[DATA Boundary: Start]
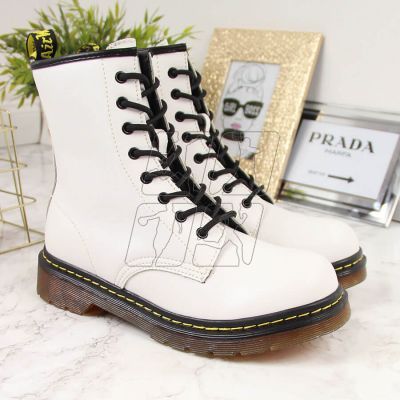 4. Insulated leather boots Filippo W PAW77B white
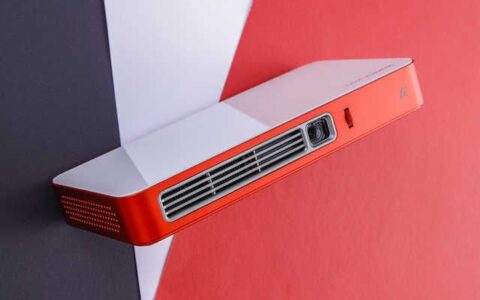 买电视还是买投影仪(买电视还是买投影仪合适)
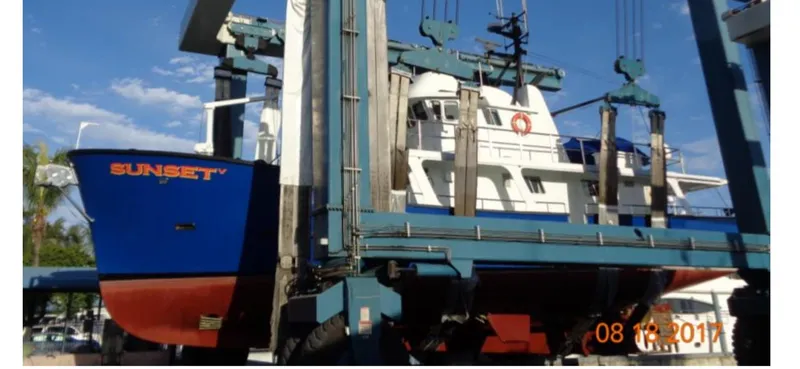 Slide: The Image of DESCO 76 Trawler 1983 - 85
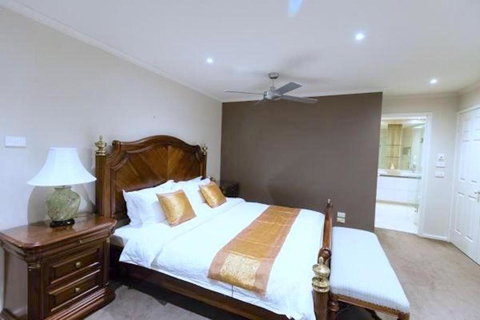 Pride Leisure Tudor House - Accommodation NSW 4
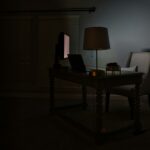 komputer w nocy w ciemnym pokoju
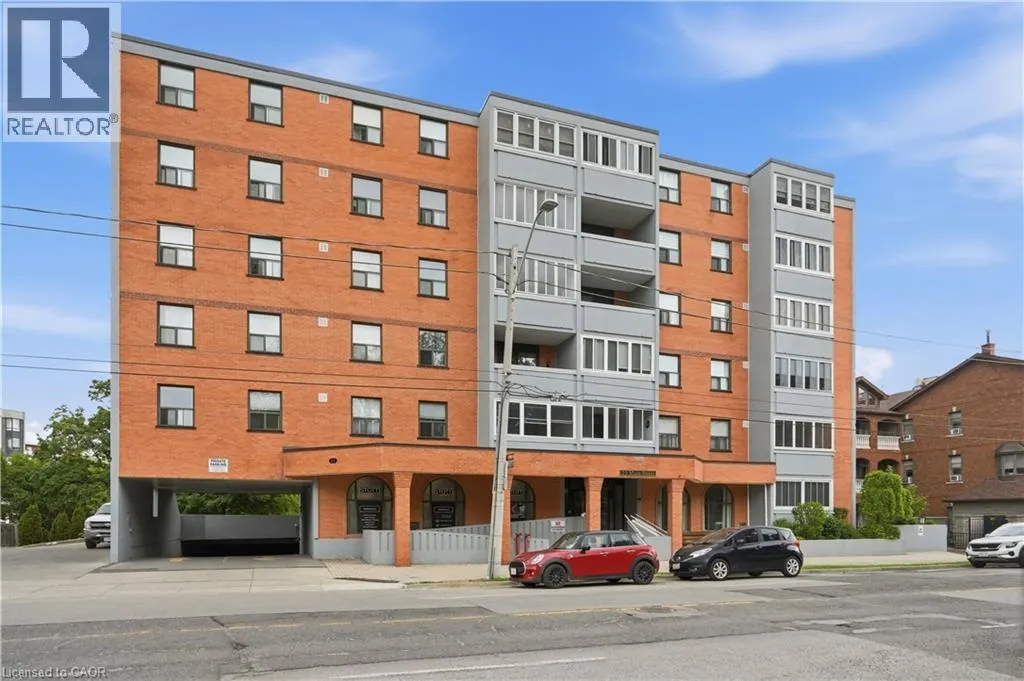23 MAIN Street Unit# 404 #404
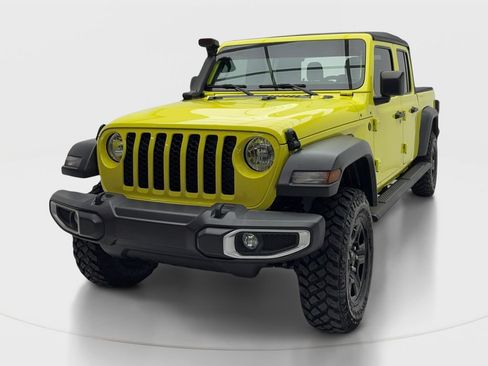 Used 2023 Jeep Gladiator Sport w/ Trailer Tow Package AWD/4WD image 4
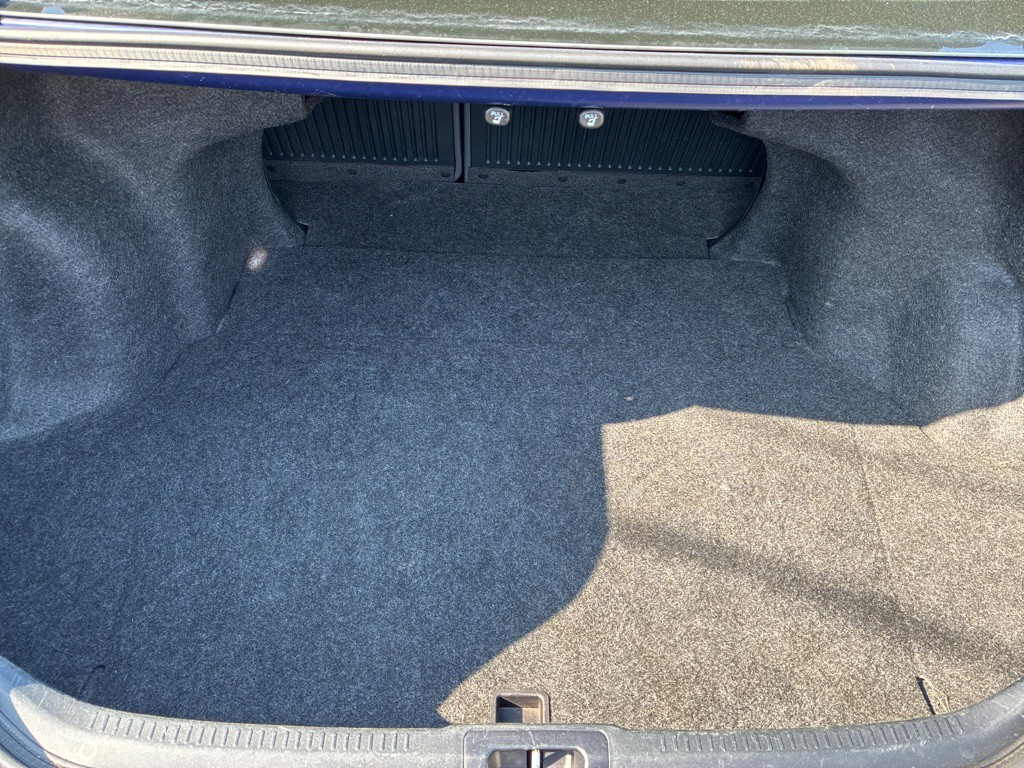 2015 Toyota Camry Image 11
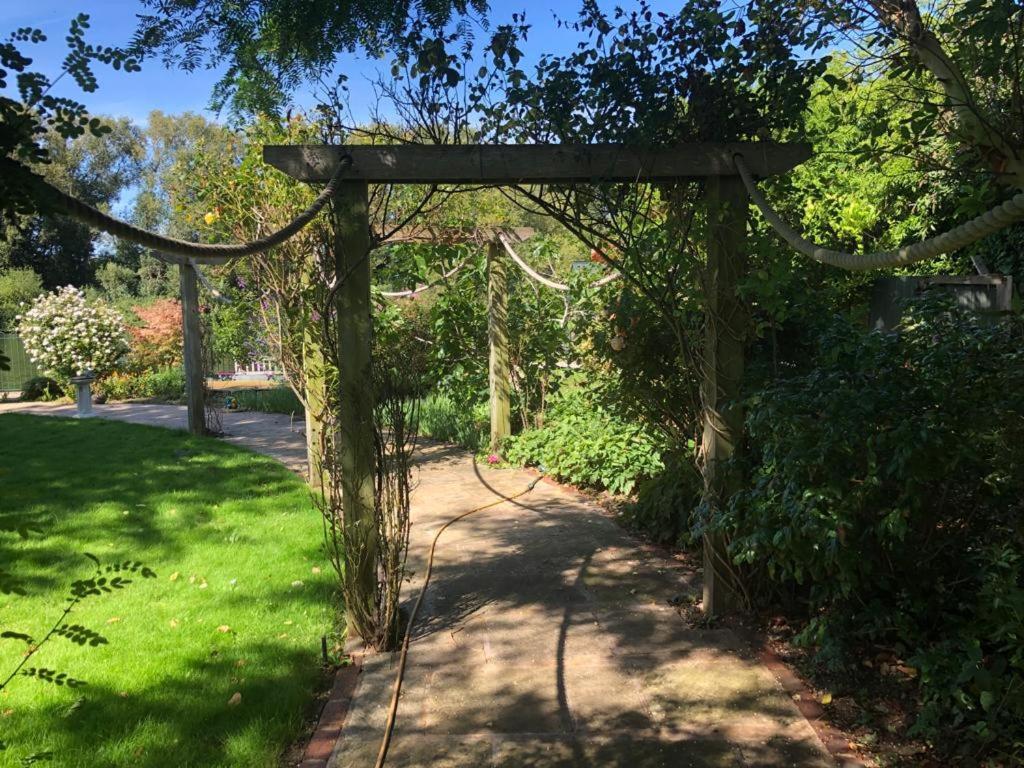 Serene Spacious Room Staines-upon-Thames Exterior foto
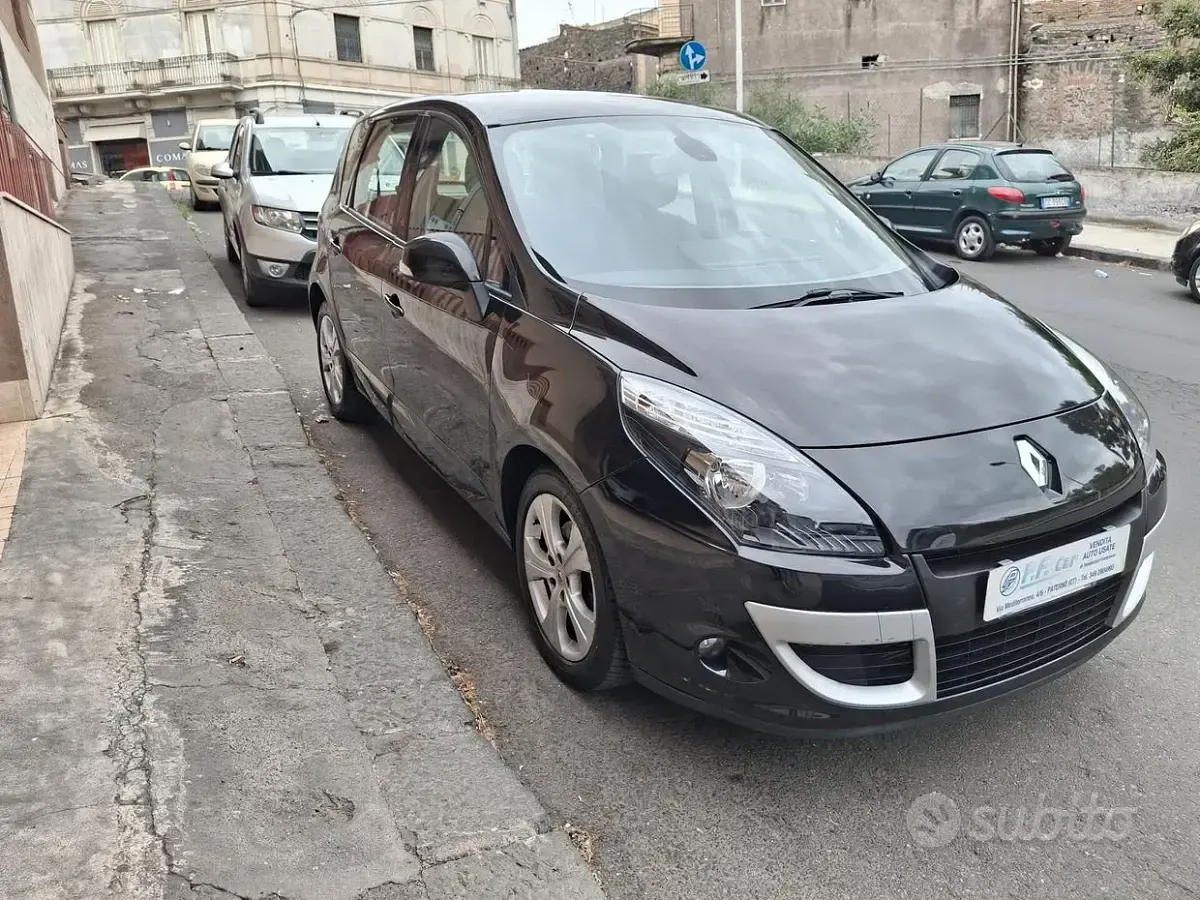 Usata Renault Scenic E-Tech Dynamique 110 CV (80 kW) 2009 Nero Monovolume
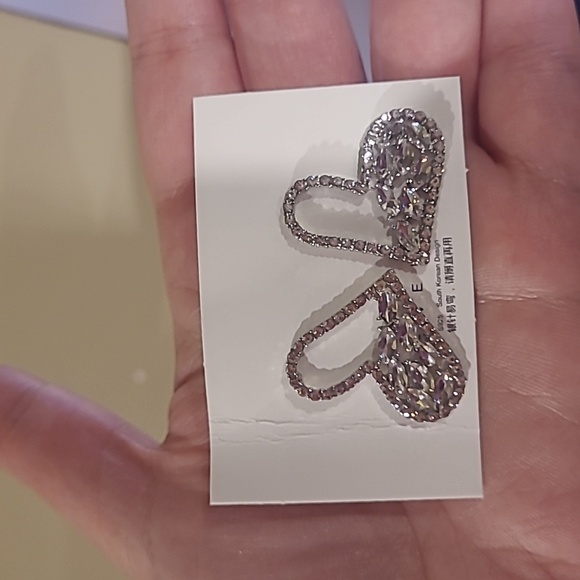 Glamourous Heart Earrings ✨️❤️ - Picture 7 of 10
[DATA Boundary: End]
REQUIREMENT: Only the lines from the one containing "2015 Toyota Camry Image 11" through the last line of the records above should be repeated, exactly and without pictures.

SOLUTION TO THE PROBLEM:
 2015 Toyota Camry Image 11
 Serene Spacious Room Staines-upon-Thames Exterior foto
 Usata Renault Scenic E-Tech Dynamique 110 CV (80 kW) 2009 Nero Monovolume
 Glamourous Heart Earrings ✨️❤️ - Picture 7 of 10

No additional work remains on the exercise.